▼
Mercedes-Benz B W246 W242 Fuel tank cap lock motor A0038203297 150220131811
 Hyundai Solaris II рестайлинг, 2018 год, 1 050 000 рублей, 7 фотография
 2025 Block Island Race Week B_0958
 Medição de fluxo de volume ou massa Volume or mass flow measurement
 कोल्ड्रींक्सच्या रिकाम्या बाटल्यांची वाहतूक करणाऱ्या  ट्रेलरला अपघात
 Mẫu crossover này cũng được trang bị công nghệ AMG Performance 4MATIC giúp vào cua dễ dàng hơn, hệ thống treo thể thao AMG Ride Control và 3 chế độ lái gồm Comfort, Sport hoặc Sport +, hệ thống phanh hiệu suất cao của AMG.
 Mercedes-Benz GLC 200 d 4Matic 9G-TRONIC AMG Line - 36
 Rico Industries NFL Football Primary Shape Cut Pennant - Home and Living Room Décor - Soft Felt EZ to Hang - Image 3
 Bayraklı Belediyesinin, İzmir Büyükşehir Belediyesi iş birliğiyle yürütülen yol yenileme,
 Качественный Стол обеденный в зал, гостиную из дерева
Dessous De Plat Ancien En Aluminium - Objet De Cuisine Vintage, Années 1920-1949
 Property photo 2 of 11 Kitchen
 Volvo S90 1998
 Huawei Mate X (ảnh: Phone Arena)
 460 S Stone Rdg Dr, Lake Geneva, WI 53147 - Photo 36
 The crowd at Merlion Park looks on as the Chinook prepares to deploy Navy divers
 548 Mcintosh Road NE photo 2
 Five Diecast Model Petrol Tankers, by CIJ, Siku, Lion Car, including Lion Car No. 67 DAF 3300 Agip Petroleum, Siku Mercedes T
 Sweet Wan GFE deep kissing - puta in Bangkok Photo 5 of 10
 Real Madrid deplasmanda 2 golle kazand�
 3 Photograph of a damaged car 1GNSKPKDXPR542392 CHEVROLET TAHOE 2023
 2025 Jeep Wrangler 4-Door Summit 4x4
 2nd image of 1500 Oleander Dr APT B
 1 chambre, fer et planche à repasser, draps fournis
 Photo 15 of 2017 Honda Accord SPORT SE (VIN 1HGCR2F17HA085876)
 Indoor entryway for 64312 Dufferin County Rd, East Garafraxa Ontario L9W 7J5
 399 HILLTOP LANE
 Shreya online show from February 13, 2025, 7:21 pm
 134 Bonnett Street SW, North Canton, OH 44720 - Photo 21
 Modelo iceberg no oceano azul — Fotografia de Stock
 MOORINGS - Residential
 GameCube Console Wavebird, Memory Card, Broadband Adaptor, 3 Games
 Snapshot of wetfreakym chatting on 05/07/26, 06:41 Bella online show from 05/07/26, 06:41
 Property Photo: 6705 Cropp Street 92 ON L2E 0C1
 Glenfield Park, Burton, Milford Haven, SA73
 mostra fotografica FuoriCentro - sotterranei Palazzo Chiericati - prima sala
▲
Work task => Write out only what runs from the line holding "2025 Block Island Race Week B_0958" through the last line of the records, exactly as shown.

Solution for this exercise =>
 2025 Block Island Race Week B_0958
 Medição de fluxo de volume ou massa Volume or mass flow measurement
 कोल्ड्रींक्सच्या रिकाम्या बाटल्यांची वाहतूक करणाऱ्या  ट्रेलरला अपघात
 Mẫu crossover này cũng được trang bị công nghệ AMG Performance 4MATIC giúp vào cua dễ dàng hơn, hệ thống treo thể thao AMG Ride Control và 3 chế độ lái gồm Comfort, Sport hoặc Sport +, hệ thống phanh hiệu suất cao của AMG.
 Mercedes-Benz GLC 200 d 4Matic 9G-TRONIC AMG Line - 36
 Rico Industries NFL Football Primary Shape Cut Pennant - Home and Living Room Décor - Soft Felt EZ to Hang - Image 3
 Bayraklı Belediyesinin, İzmir Büyükşehir Belediyesi iş birliğiyle yürütülen yol yenileme,
 Качественный Стол обеденный в зал, гостиную из дерева
Dessous De Plat Ancien En Aluminium - Objet De Cuisine Vintage, Années 1920-1949
 Property photo 2 of 11 Kitchen
 Volvo S90 1998
 Huawei Mate X (ảnh: Phone Arena)
 460 S Stone Rdg Dr, Lake Geneva, WI 53147 - Photo 36
 The crowd at Merlion Park looks on as the Chinook prepares to deploy Navy divers
 548 Mcintosh Road NE photo 2
 Five Diecast Model Petrol Tankers, by CIJ, Siku, Lion Car, including Lion Car No. 67 DAF 3300 Agip Petroleum, Siku Mercedes T
 Sweet Wan GFE deep kissing - puta in Bangkok Photo 5 of 10
 Real Madrid deplasmanda 2 golle kazand�
 3 Photograph of a damaged car 1GNSKPKDXPR542392 CHEVROLET TAHOE 2023
 2025 Jeep Wrangler 4-Door Summit 4x4
 2nd image of 1500 Oleander Dr APT B
 1 chambre, fer et planche à repasser, draps fournis
 Photo 15 of 2017 Honda Accord SPORT SE (VIN 1HGCR2F17HA085876)
 Indoor entryway for 64312 Dufferin County Rd, East Garafraxa Ontario L9W 7J5
 399 HILLTOP LANE
 Shreya online show from February 13, 2025, 7:21 pm
 134 Bonnett Street SW, North Canton, OH 44720 - Photo 21
 Modelo iceberg no oceano azul — Fotografia de Stock
 MOORINGS - Residential
 GameCube Console Wavebird, Memory Card, Broadband Adaptor, 3 Games
 Snapshot of wetfreakym chatting on 05/07/26, 06:41 Bella online show from 05/07/26, 06:41
 Property Photo: 6705 Cropp Street 92 ON L2E 0C1
 Glenfield Park, Burton, Milford Haven, SA73
 mostra fotografica FuoriCentro - sotterranei Palazzo Chiericati - prima sala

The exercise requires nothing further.